It’s a single YAML file when you do a deployment. However, that YAML file can be complex or tiny. It’s just a matter of what you need. You can be very specific, say, you need five brokers and four bookies then present all your PVCs, or you can start with something light. For example, you don’t need a proxy, and you want a straight broker. The warning I’m going to throw out about Pulsar, the pods, and everything presented on the screen is not one container. There’s a lot of stuff going on here. If you use the default deployment YAML using a laptop, then your laptop will probably melt. There are many infrastructures to fire up, more like 15 different pods. There is a default like Minikube that you can run on your laptop, but this is where I fire up my Google cloud instance, and I deploy it because it’s a lot easier. It’s going to be big. You’re not merely using Pulsar to manage your home recipe collection. You’re probably going to do something big with it.
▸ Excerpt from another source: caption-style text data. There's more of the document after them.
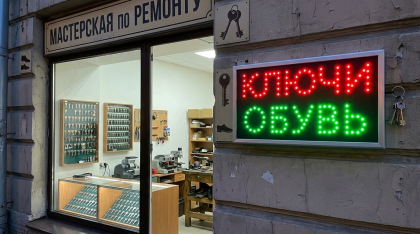 Светодиодная табличка "Ключи Обувь" рекламная вывеска 48х25 см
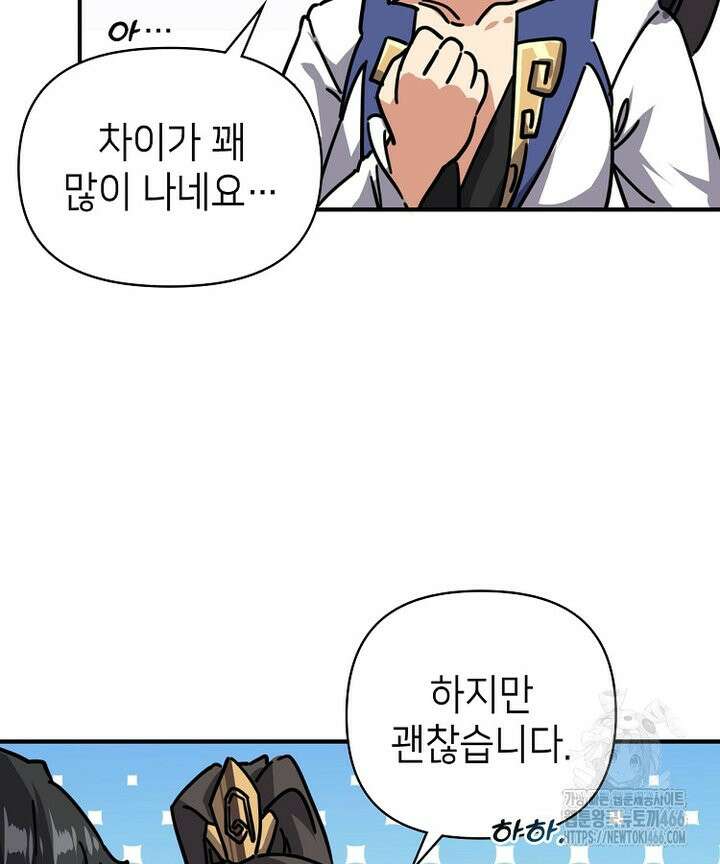 공자 참요록 25화 13
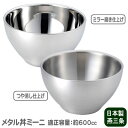 つけ麺 お碗 保温 保冷 日本製 燕三条製18-8ステンレス製 メタル丼 ミーニ ステンレス仕様冷めにくい 熱くなりにくい 適正容量 600cc 食洗機可 丼ぶ...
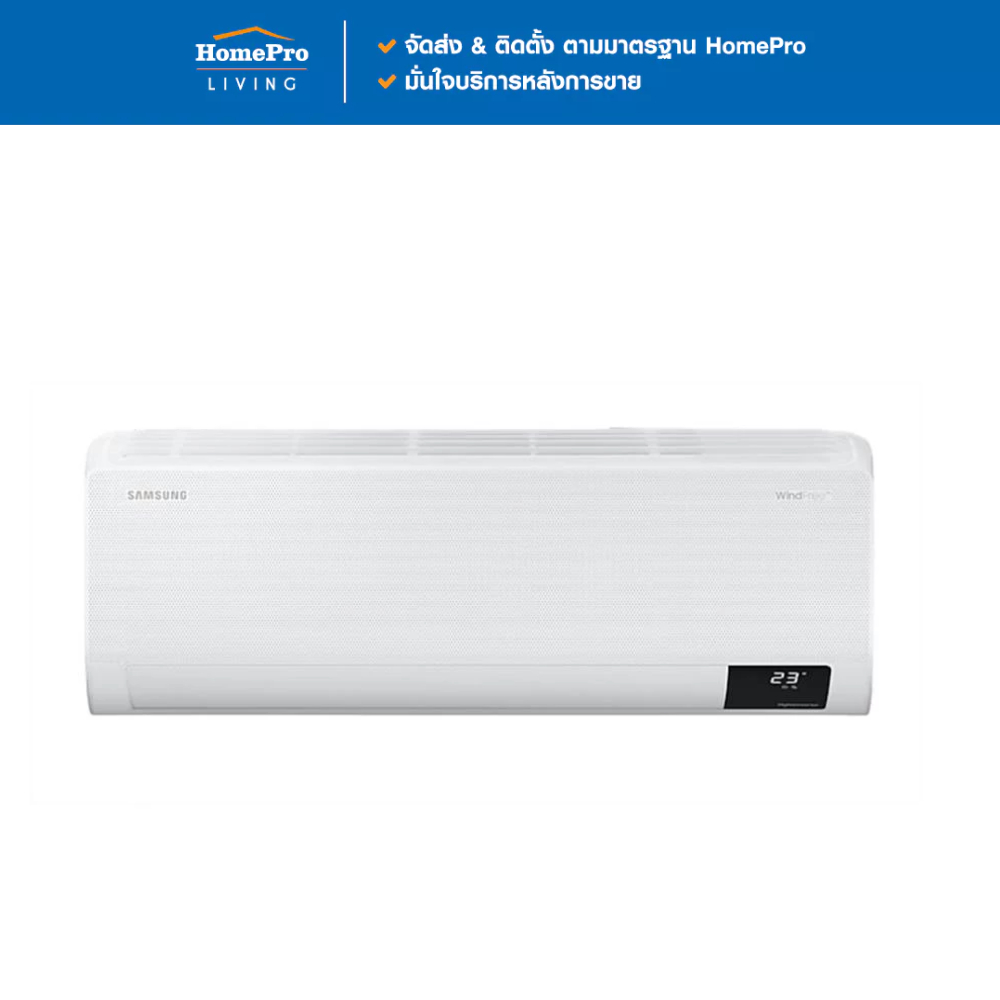 SAMSUNG แอร์ผนัง AR18CYHCAWKNST 18000 บีทียู อินเวอร์เตอร์ จัดส่งโดย HomePro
On the other side, the analytics with Apache Spark is tough because there’s a lot of negative press running on any ML or analytics workloads on Kubernetes just because people don’t understand it. The main reason probably is they’re using defaults, or they simply don’t understand that a modern version of Spark (i.e., last year) is way more adapted to working with Kubernetes. Now, one may ask, why would you even do this? Some people may also think that Spark and Kubernetes should work just because of the workloads that fit well. That is true. They tend to be a little bursty, and that’s where we get into the notion that you should never use a default, meaning, whenever I do an analytics job say, “Oh, I need 100 nodes right now”, that’s indeed going to happen right now. That works well in Kubernetes. If you compare it to something like yarn, yarn takes a long time to spin up infrastructure. Kubernetes is much faster when it comes to creating pods, just because of the way that it works. Once again, those workloads tend to work well in Kubernetes.

As of Sparks 3.2, Kubernetes is now a primary deployment method. I don’t think many people know that, and now you will after this because I’m going to show you how to do it. The other thing is that the ecosystem is starting to grow around Spark and Kubernetes. Spark alone is not going to solve this problem. Like anything else, you need storage and networking, and everyone needs to play along.

The ecosystem around Spark is catching up. There’s a lot of work being done, but it’s a great opportunity. We’re on the bleeding edge. We’re out here. Kubernetes even, though there’s still a lot of work that needs to be done. Especially if you look at things like running batch jobs, the idea of running batch jobs in Kubernetes wasn’t solid when it was designed back then. It was like, “I need to backup my WordPress server every day” that was the batch job with no other considerations. These are things that are changing.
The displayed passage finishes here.